* **The task**
Each line below needs to be restated word for word.

* **Source data**
-- Opening Marker --

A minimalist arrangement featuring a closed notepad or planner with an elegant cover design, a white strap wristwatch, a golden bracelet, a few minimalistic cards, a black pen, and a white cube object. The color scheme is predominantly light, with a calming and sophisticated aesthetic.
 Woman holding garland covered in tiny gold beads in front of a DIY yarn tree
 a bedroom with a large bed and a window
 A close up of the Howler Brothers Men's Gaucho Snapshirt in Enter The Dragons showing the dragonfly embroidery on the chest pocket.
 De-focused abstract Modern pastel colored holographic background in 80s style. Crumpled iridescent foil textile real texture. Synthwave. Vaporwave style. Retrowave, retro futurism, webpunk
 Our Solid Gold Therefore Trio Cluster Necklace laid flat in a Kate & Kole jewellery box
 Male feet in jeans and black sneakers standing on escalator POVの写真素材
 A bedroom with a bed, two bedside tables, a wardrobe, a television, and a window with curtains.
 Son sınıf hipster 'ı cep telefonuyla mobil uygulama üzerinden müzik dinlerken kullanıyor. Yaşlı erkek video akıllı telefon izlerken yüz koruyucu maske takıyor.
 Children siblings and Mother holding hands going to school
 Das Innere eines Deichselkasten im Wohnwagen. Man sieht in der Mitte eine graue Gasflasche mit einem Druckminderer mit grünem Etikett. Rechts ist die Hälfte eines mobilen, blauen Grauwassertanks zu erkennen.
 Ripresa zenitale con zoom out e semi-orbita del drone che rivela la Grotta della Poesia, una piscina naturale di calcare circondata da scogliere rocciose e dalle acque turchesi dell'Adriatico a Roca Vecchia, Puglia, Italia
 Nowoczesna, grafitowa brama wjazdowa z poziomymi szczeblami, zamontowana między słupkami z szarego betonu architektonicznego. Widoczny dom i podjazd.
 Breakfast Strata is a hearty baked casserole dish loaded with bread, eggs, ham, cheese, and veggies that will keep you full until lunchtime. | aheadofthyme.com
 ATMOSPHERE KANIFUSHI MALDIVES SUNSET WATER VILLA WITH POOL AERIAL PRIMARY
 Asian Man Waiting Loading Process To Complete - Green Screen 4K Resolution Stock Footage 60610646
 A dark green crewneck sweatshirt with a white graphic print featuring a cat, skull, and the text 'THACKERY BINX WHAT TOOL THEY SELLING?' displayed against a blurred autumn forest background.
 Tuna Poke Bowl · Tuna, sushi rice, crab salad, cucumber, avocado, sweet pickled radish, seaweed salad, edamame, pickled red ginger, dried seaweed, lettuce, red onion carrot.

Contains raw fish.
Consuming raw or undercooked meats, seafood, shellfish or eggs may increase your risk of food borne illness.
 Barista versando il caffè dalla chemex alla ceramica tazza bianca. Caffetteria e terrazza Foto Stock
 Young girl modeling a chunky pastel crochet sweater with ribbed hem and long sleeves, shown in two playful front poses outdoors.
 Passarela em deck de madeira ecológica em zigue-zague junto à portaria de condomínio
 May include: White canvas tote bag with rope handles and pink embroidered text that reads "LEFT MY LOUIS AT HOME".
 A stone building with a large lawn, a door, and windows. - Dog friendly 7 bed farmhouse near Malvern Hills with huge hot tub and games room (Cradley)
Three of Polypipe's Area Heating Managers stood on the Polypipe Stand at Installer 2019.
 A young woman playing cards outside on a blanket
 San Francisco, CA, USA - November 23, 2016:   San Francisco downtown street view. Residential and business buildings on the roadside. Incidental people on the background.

-- Closing Marker --

* **Exercise response**
A minimalist arrangement featuring a closed notepad or planner with an elegant cover design, a white strap wristwatch, a golden bracelet, a few minimalistic cards, a black pen, and a white cube object. The color scheme is predominantly light, with a calming and sophisticated aesthetic.
 Woman holding garland covered in tiny gold beads in front of a DIY yarn tree
 a bedroom with a large bed and a window
 A close up of the Howler Brothers Men's Gaucho Snapshirt in Enter The Dragons showing the dragonfly embroidery on the chest pocket.
 De-focused abstract Modern pastel colored holographic background in 80s style. Crumpled iridescent foil textile real texture. Synthwave. Vaporwave style. Retrowave, retro futurism, webpunk
 Our Solid Gold Therefore Trio Cluster Necklace laid flat in a Kate & Kole jewellery box
 Male feet in jeans and black sneakers standing on escalator POVの写真素材
 A bedroom with a bed, two bedside tables, a wardrobe, a television, and a window with curtains.
 Son sınıf hipster 'ı cep telefonuyla mobil uygulama üzerinden müzik dinlerken kullanıyor. Yaşlı erkek video akıllı telefon izlerken yüz koruyucu maske takıyor.
 Children siblings and Mother holding hands going to school
 Das Innere eines Deichselkasten im Wohnwagen. Man sieht in der Mitte eine graue Gasflasche mit einem Druckminderer mit grünem Etikett. Rechts ist die Hälfte eines mobilen, blauen Grauwassertanks zu erkennen.
 Ripresa zenitale con zoom out e semi-orbita del drone che rivela la Grotta della Poesia, una piscina naturale di calcare circondata da scogliere rocciose e dalle acque turchesi dell'Adriatico a Roca Vecchia, Puglia, Italia
 Nowoczesna, grafitowa brama wjazdowa z poziomymi szczeblami, zamontowana między słupkami z szarego betonu architektonicznego. Widoczny dom i podjazd.
 Breakfast Strata is a hearty baked casserole dish loaded with bread, eggs, ham, cheese, and veggies that will keep you full until lunchtime. | aheadofthyme.com
 ATMOSPHERE KANIFUSHI MALDIVES SUNSET WATER VILLA WITH POOL AERIAL PRIMARY
 Asian Man Waiting Loading Process To Complete - Green Screen 4K Resolution Stock Footage 60610646
 A dark green crewneck sweatshirt with a white graphic print featuring a cat, skull, and the text 'THACKERY BINX WHAT TOOL THEY SELLING?' displayed against a blurred autumn forest background.
 Tuna Poke Bowl · Tuna, sushi rice, crab salad, cucumber, avocado, sweet pickled radish, seaweed salad, edamame, pickled red ginger, dried seaweed, lettuce, red onion carrot.

Contains raw fish.
Consuming raw or undercooked meats, seafood, shellfish or eggs may increase your risk of food borne illness.
 Barista versando il caffè dalla chemex alla ceramica tazza bianca. Caffetteria e terrazza Foto Stock
 Young girl modeling a chunky pastel crochet sweater with ribbed hem and long sleeves, shown in two playful front poses outdoors.
 Passarela em deck de madeira ecológica em zigue-zague junto à portaria de condomínio
 May include: White canvas tote bag with rope handles and pink embroidered text that reads "LEFT MY LOUIS AT HOME".
 A stone building with a large lawn, a door, and windows. - Dog friendly 7 bed farmhouse near Malvern Hills with huge hot tub and games room (Cradley)
Three of Polypipe's Area Heating Managers stood on the Polypipe Stand at Installer 2019.
 A young woman playing cards outside on a blanket
 San Francisco, CA, USA - November 23, 2016:   San Francisco downtown street view. Residential and business buildings on the roadside. Incidental people on the background.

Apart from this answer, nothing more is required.